Which lines of the data below hold "Image"? Copy each of them.

=======

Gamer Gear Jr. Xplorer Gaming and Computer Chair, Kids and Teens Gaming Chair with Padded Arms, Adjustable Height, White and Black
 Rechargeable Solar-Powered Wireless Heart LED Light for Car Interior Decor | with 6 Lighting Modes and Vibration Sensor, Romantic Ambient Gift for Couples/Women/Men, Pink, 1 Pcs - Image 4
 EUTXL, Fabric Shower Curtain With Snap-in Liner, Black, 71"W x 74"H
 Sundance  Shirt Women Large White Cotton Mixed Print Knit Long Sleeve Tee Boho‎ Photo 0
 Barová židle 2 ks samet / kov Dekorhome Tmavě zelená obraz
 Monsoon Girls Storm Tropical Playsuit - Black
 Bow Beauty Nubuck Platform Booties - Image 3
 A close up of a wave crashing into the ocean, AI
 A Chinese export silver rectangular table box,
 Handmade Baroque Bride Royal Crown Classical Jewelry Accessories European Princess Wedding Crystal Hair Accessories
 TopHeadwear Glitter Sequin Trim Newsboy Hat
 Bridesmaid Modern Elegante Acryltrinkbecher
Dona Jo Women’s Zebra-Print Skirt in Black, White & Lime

=======

Response below:
 Rechargeable Solar-Powered Wireless Heart LED Light for Car Interior Decor | with 6 Lighting Modes and Vibration Sensor, Romantic Ambient Gift for Couples/Women/Men, Pink, 1 Pcs - Image 4
 Bow Beauty Nubuck Platform Booties - Image 3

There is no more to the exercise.